Tentu saja banyak anak di bawah umur yang terjebak oleh ulah Paman John ini. Akhirnya ia ditangkap pihak berwajib Amerika Serikat pada hari Rabu tanggal 3 September 2002 di sebuah hotel di Florida, dan sudah berada di penjara kepolisian Manhattan.
Berdasarkan undang-undang Truth in Domain Names Act, tindakan Zuccarini digolongkan sebagai kejahatan karena memikat anak-anak ke dalam pornografi internet. Zuccarini bisa dijatuhi hukuman penjara hingga empat tahun dan denda sebesar 250.000 dolar AS. Undang-undang yang telah dilanggar oleh John Zuccarini adalah sebagai berikut:
- Online Child Pornography, Child Luring, and Related Activities
- 18 U.S.C. § 2251 et seq. (sexual exploitation and other abuse of children)
- 18 U.S.C. § 2421 et seq. (transportation for illegal sexual activity)
- 15 U.S.C. § 1125(d) (the “Act”).
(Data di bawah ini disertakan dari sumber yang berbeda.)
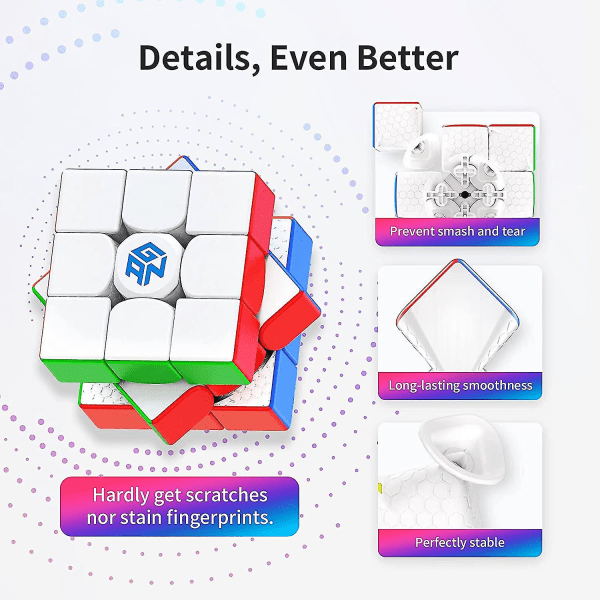 3x3 Magnetisk Speed Cube Stickerless Magic Cube Stickerless Cube Frosted Surface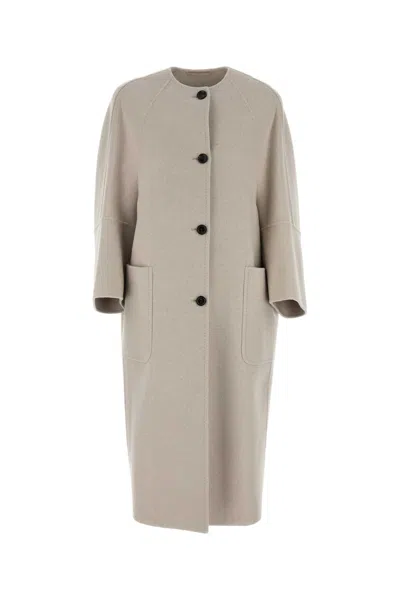MAX MARA SAND CASHMERE ALBUM1234 COAT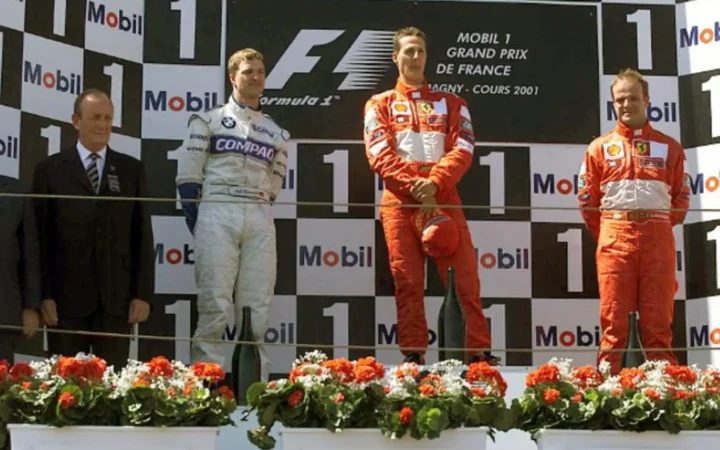 Michael Schumacher 50th F1 career win at the 2001 French Grand Prix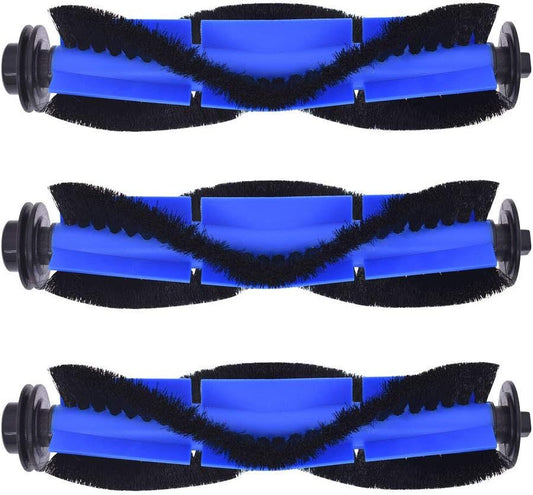 Replacement Rolling Brushes Rollers Compatible with euy RoboVac 11S, 15T, 30, 30C, 15C, 12, 25C, 35C, 11S Max, 15C Max, G20, G30, G30 Edge, Robot Vacuums Parts, 3-Pack.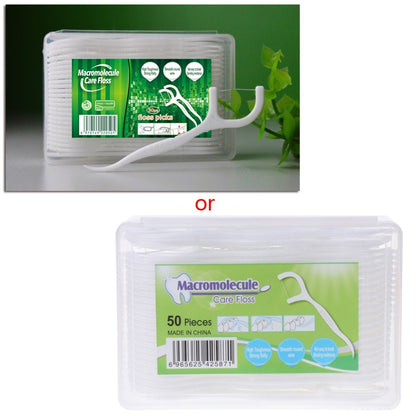 Dental Floss Picks with Handles (50 Pack) by HitMyNeed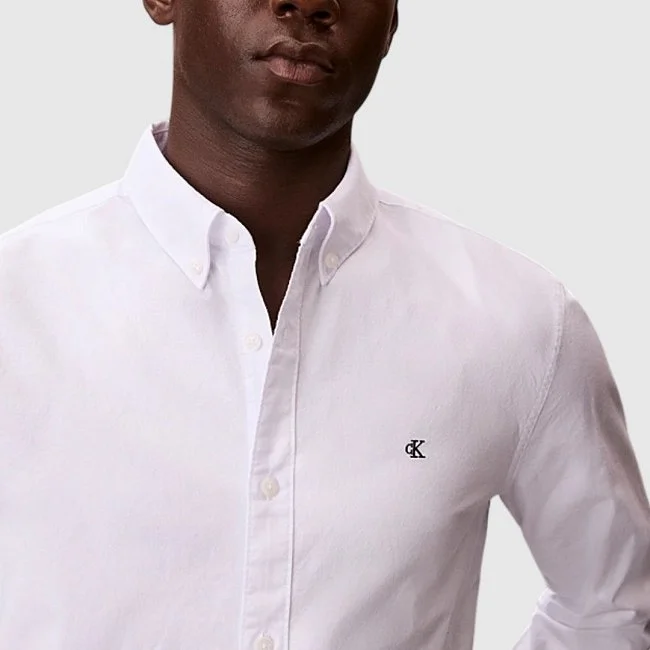 Camisa Calvin Klein Blanca Hombre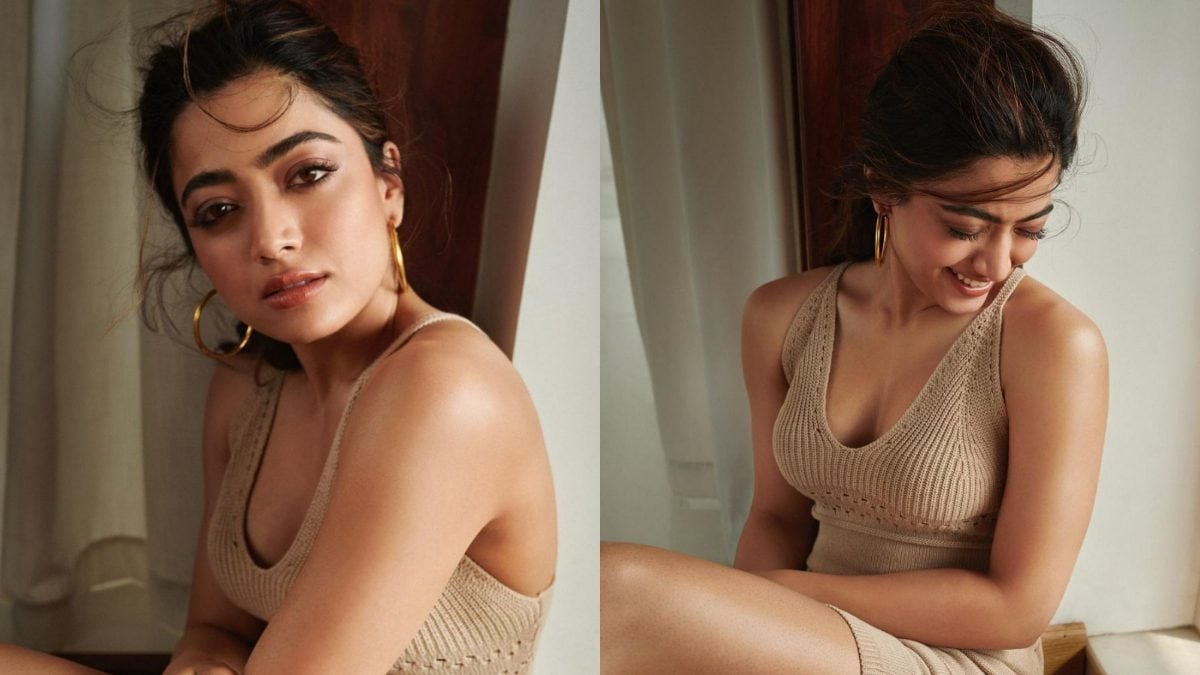 Rashmika Mandanna Looks Oh So Sexy In Beige Outfit, Proves She Is Called  'National Crush' For a Reason - News18
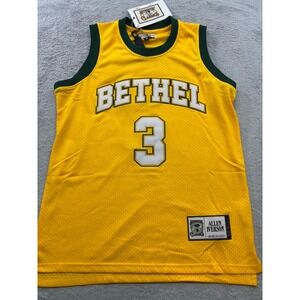 Allen Iverson 3 Bethel High School Jersey Yellow Green Size M Authentic Classics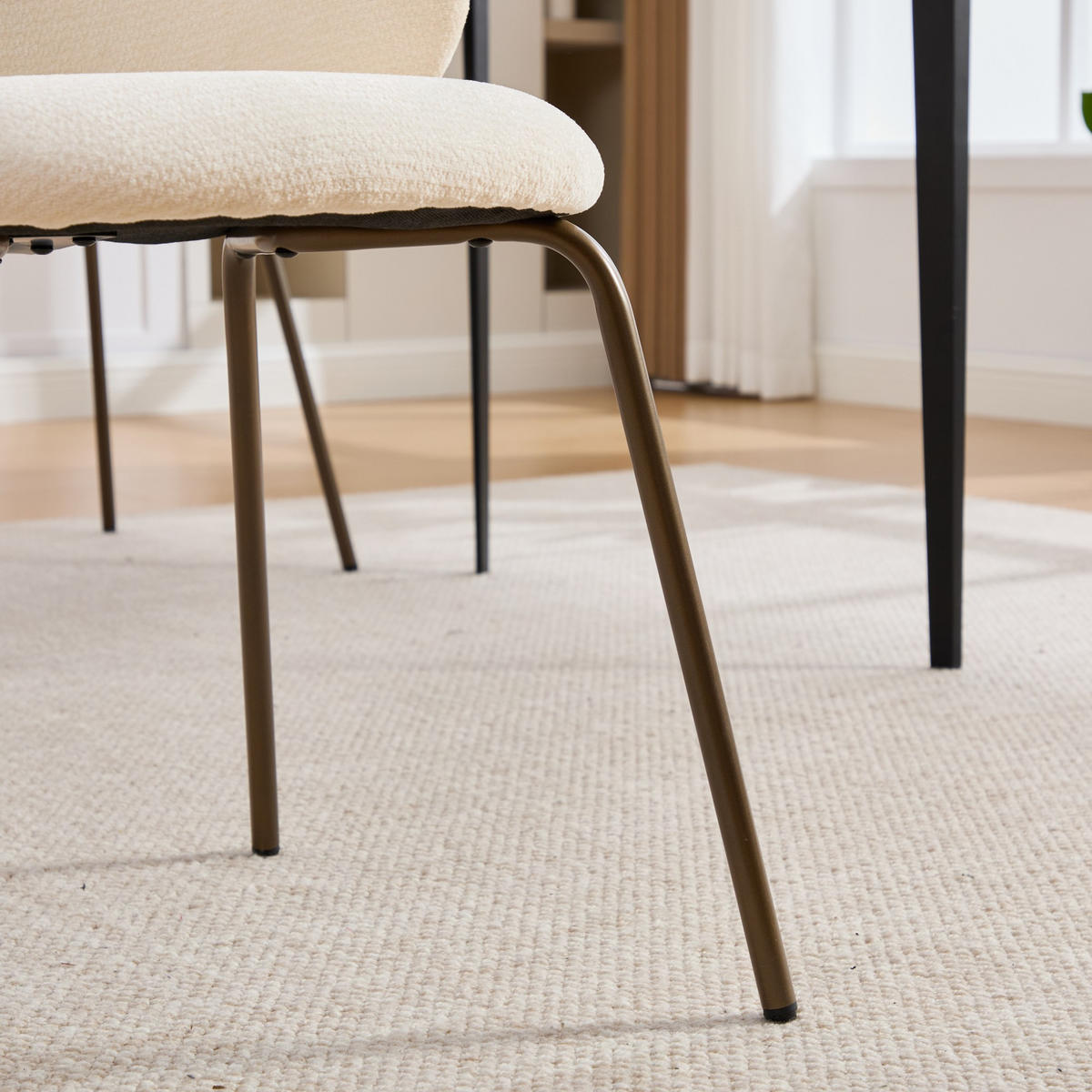 STUHL-SET DE-36344 2 Stück mit Bronzemetallbeinen Creme - Creme, Metall (52/80/46.5cm) - ComfortXL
Anticybersquatting Consumer Protection Act
- 28 U.S.C. § 1331. This court has jurisdiction by virtue of 28 U.S.C. §§ 41 dan 1291
- 15 U.S.C. § 1117(a)
- 477 U.S. 317, 323 (1986) (quoting Rule 56(c), Federal Rules of Civil Procedure (Celotex Corp. v. Catrett)
- 166 F.3d 65, 74 (2d Cir. 1999). Nihon Keizai Shimbun, Inc. v. Comline Business Data, Inc
- 15 U.S.C. § 1117(a), plenary. Securacomm Consulting, Inc.v.Securacom, Inc., 224F.3d 273, 279 (3d Cir. 2000).
- 15 U.S.C. § 1117(d) (Supps. 2000), The district court in its discretion id. at § 1117(a). attorneys’ fees in “exceptional”.
- 15 U.S.C. § 1117(a) and (d), award attorneys’ fees and statutory
- 15 U.S.C. § 1125(d) (Supp. 2000)
- 15 U.S.C. § 1125(d)(1)(A) cf. Sporty’s Farm L.L.C. v. Sportsman’s Market Inc., 202 F.3d 489, 497-499 (2d Cir. 2000). (3)
- 15 U.S.C. § 1125(c)(1).S. REP. NO. 106-140 (1999), 1999 WL 594571, at*15 (emphasis added).
- 15 U.S.C. § 1117(a). In trademark infringement cases

Chavet Versus Publik Amerika Serikat
Itu tadi contoh-contoh kasus yang sudah berlangsung lumayan lama. Sesungguhnya Cybercrime Law milik Paman Sam sudah menjerat cukup banyak hacker hitam di negara tersebut. Tahun 2005 lalu saja tercatat ada puluhan pelaku cybercrime yang diringkus. Salah satunya adalah mantan karyawan perusahaan search engine Alta Vista.
Peristiwanya sudah cukup lama berselang, Juni 2002. Namun aksi yang dilakukan oleh Laurent Chavet ini baru diputuskan oleh Pengadilan Negeri California pada 2005 kemarin. Chavet didakwa bersalah karena menyusup ke dalam sistem jaringan komputer Alta Vista dan menimbulkan kerusakan di dalamnya. Lelaki berusia 30 tahun asal Kirkland ini telah menggunakan password dan username karyawan Alta Vista untuk mengakses jaringan komputer tempat ia pernah bekerja itu dari rumahnya di Mateo, California. Sejumlah data penting Alta Vista telah dihapus dan dirusak oleh Chavet tanpa sepengetahuan karyawan lain.
Chavet resmi didakwa bersalah pada 2 Juli 2004. Ia dikenai pasal yang mengatur ikhwal pelarangan mengakses tanpa izin ke sistem komputer yang dilindungi, yakni pasal 18 U.S.C. ayat 1030(a)(4). Jerat lain adalah pada pasal yang sama ayat 1030(a)(5) tentang mengakibatkan kerusakan pada sistem komputer yang dilindungi.
Putusan hukuman dilakukan pada 19 Agustus 2005 oleh Hakim Susan Illston dari San Fransisco. Chavet dikenai hukuman penjara lima tahun dan denda sebesar 250.000 dolar Amerika.
Tertangkapnya Chavet adalah hasil investigasi bersama antara pihak Computer Hacking and Intellectual Property (CHIP) Unit of the United States Attorney’s Office dan Federal Bureau of Investigation (FBI).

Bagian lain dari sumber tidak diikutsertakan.